Scientific studies include the earlier phases of the earth, but not
the past of the human race and the British people. Christianity has
been a valuable educator in this way, especially when it includes an
intelligent knowledge the Bible. But the secular education of the
masses is now so much severed from the stream of tradition and
sentiment which unites us with the older civilisations, that the very
language of the Churches is becoming unintelligible to them, and the
influence of organised religion touches only a dwindling minority.
And yet the past lives in us all; lives inevitably in its dangers,
which the accumulated experience of civilisation, valued so slightly
by us on its spiritual side, can alone help us to surmount. A nation
like an individual, must "wish his days to be bound each to each by
natural piety." It too must strive to keep its memory green, to
remember the days of old and the years that are past. The Jews have
always had, in their sacred books, a magnificent embodiment of the
spirit of their race; and who can say how much of their incomparable
tenacity and ineradicable hopefulness has been due to the education
thus imparted to every Jewish child? We need a Bible of the English
race, which shall be hardly less sacred to each succeeding generation
of young Britons than the Old Testament is to the Jews. England ought
to be, and may be, the spiritual home of one quarter of the human
race, for ages after our task as a world-power shall have been brought
to a successful issue, and after we in this little island have
accepted the position of mother to nations greater than ourselves. But
England's future is precious only to those to whom her past is dear.
I am not suggesting that the history and literatures of other
countries should be neglected, or that foreign languages should form
no part of education. But the main object is to turn out good
Englishmen, who may continue worthily and even develop further a
glorious national tradition. To do this, we must appeal constantly to
the imagination, which Wordsworth has boldly called "reason in her
most exalted mood." We may thus bring a little poetry and romance
into
the monotonous lives of our hand-workers. It may well be that their
discontent has more to do with the starving of their spiritual nature
than we suppose. For the intellectual life, like divine philosophy, is
not dull and crabbed, as fools suppose, but musical as is Apollo's
lute.
Can we end with a definition of the happiness and well-being, which is
the goal of education, as of all else that we try to do? Probably we
cannot do better than accept the famous definition of Aristotle, which
however we must be careful to translate rightly. "Happiness, or
well-being, is an activity of the soul directed towards excellence, in
an unhampered life." Happiness consists in doing rather than being;
the activity must be that of the soul--the whole man acting as a
person; it must be directed towards excellence--not exclusively moral
virtue, but the best work that we can do, of whatever kind; and it
must be unhampered--we must be given the opportunity of doing the best
that is in us to do. To awaken the soul; to hold up before it the
images of whatsoever things are true, lovely, noble, pure, and of good
report; and to remove the obstacles which stunt and cripple the mind;
this is the work which we have called the Training of the Reason.
III
THE TRAINING OF THE IMAGINATION
BY A. C. BENSON
Master of Magdalene College, Cambridge
It might be hastily assumed by a reader bent on critical
consideration, that the subject of my essay had a certain levity or
fancifulness about it. Works of imagination, as by a curious
juxtaposition they are called, are apt to lie under an indefinable
suspicion, as including unbusinesslike and romantic fictions, of which
the clear-cut and well-balanced mind must beware, except for the sake,
perhaps, of the frankest and least serious kind of recreation.

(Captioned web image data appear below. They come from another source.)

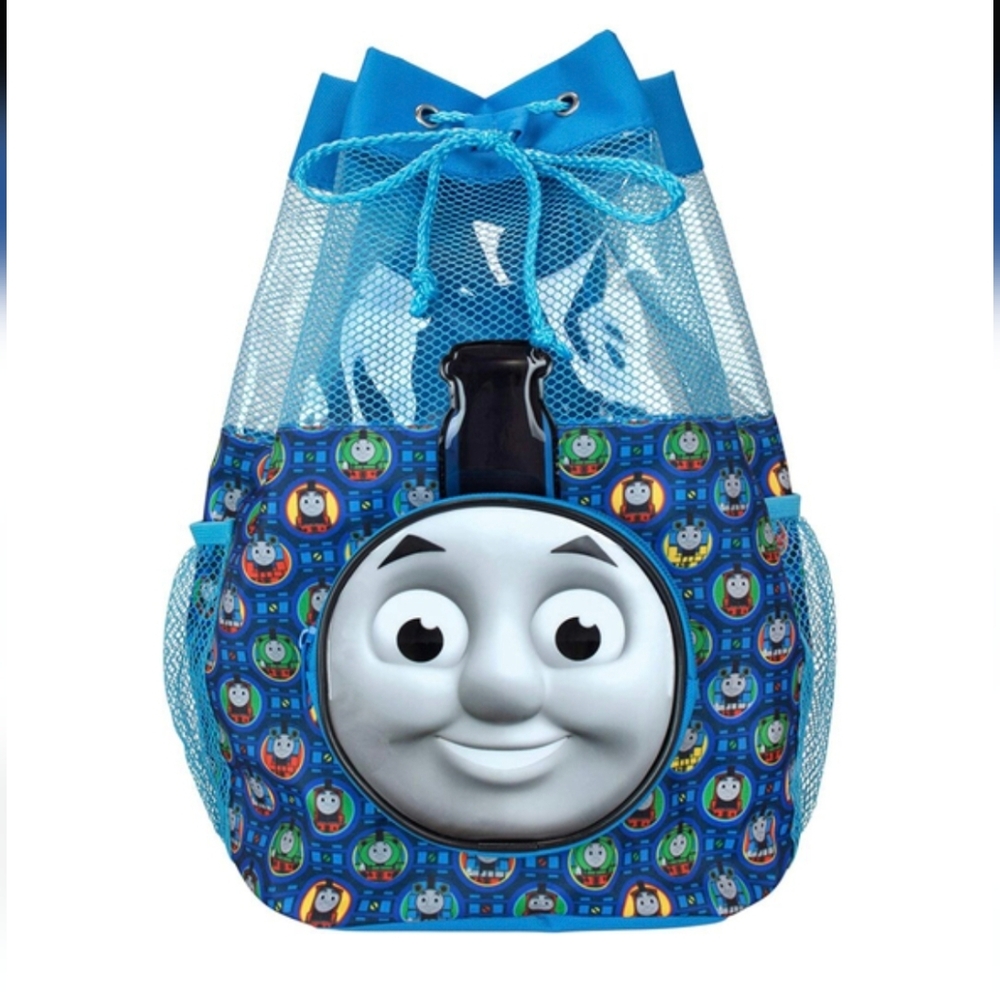 Thomas & Friends Drawstring Swim Bag
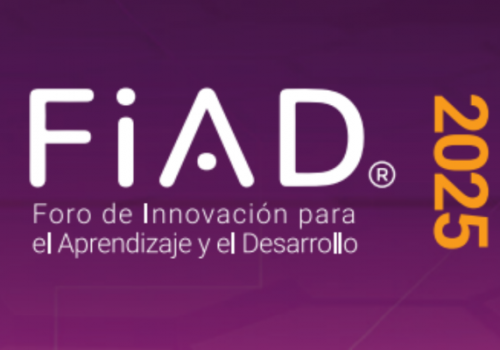 FECAP recebe evento internacional sobre tendências e prioridades em aprendizagem e desenvolvimento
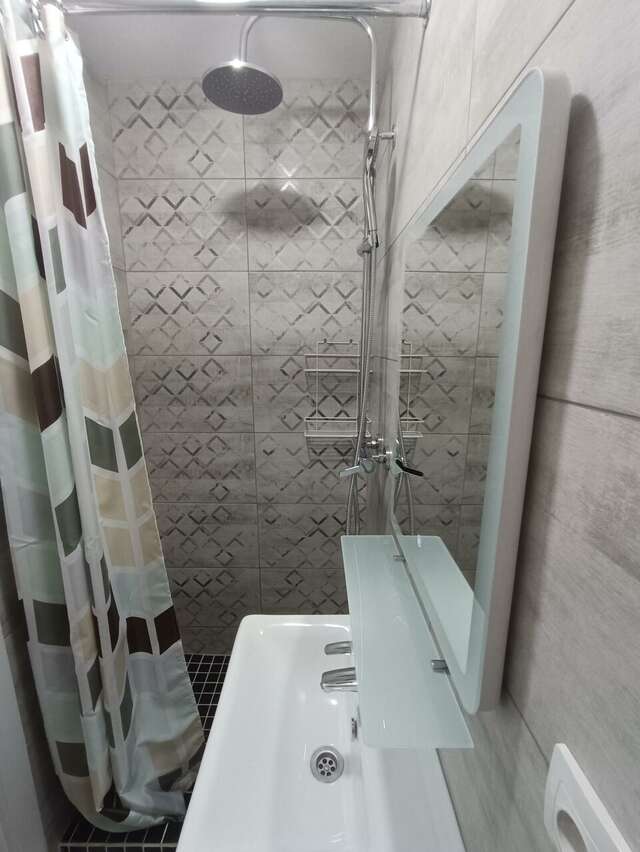 Апартаменты Усадьба в горах Артыбаш-131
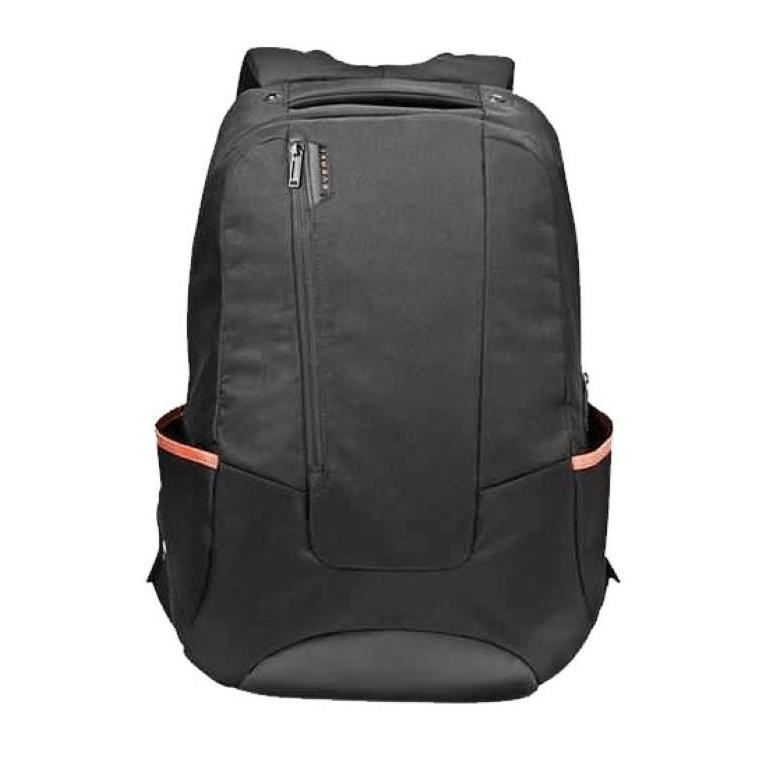 EVERKI SWIFT LIGHT BACKPACK;UP TO 17.3'' SCREEN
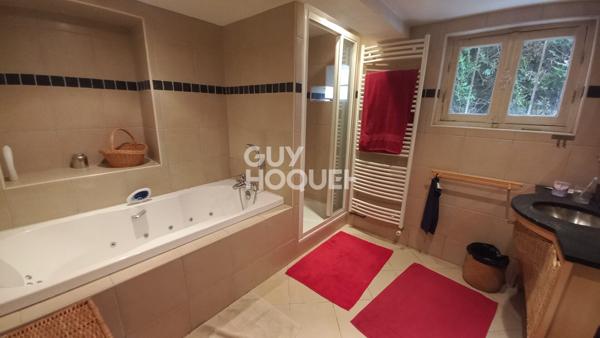 Maison Gournay Sur Marne 5 pièces 135 m2 (90m² habitables)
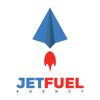 jetfuel.agency Logo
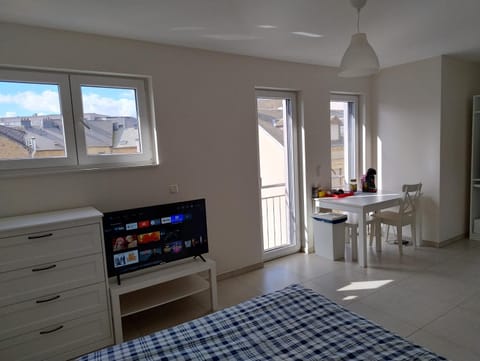 Bedroom Apartment in Luxembourg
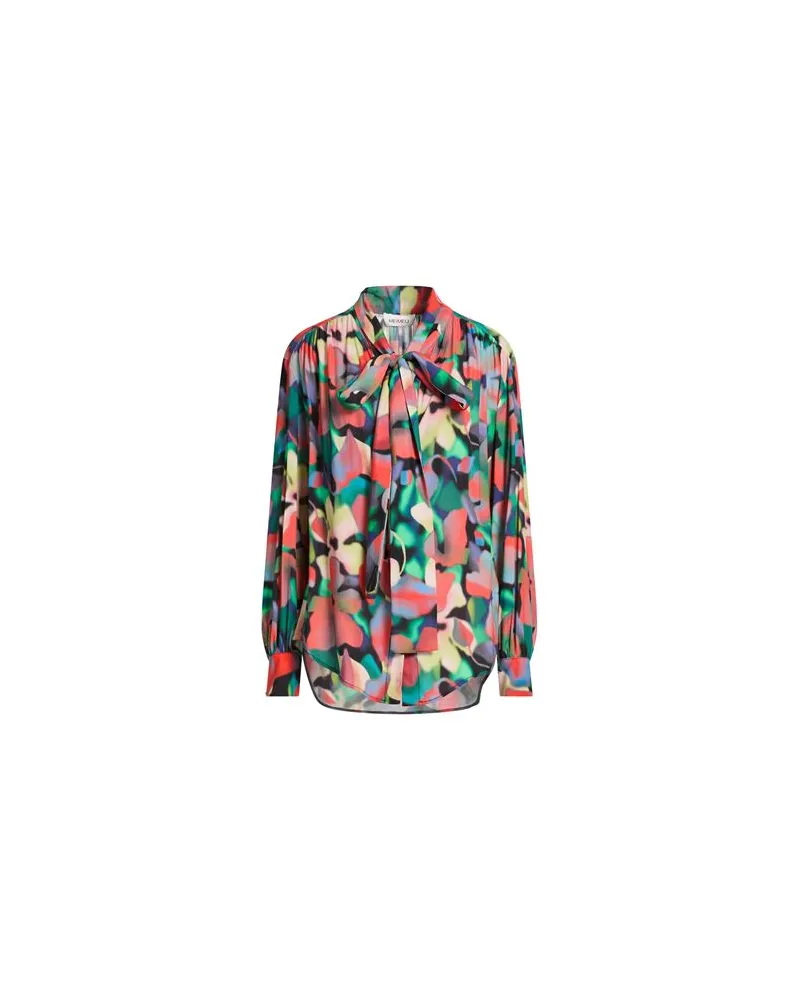 MEIMEIJ TOPS - Topsauf YOOX.COM Koralle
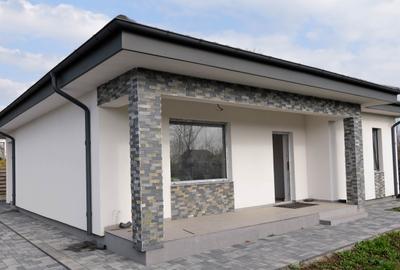 Vanzare casa in regim parter, com Vanatori, teren generos 600 mp - 1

Considering the part which the best and noblest works of imagination
must always play in a literary education, it has often surprised me to
reflect how little scope ordinary literary exercises give for the use
of that particular faculty. The old themes and verses aimed at
producing decorous centos culled from the works of classical
rhetoricians and poets. No boy, at least in my day, was ever
encouraged to take a line of his own, and to strike out freely across
country in pursuit of imagined adventures. Even English teaching in
its earlier stages seldom aimed at more than transcriptions of actual
experience, a day spent in the country, or a walk beside the sea.
Only quite recently have boys and girls been encouraged to write poems
and stories out of their own imaginations; and even now there are
plenty of educational critics who would consider such exercises as
dilettante things lacking in practical solidity.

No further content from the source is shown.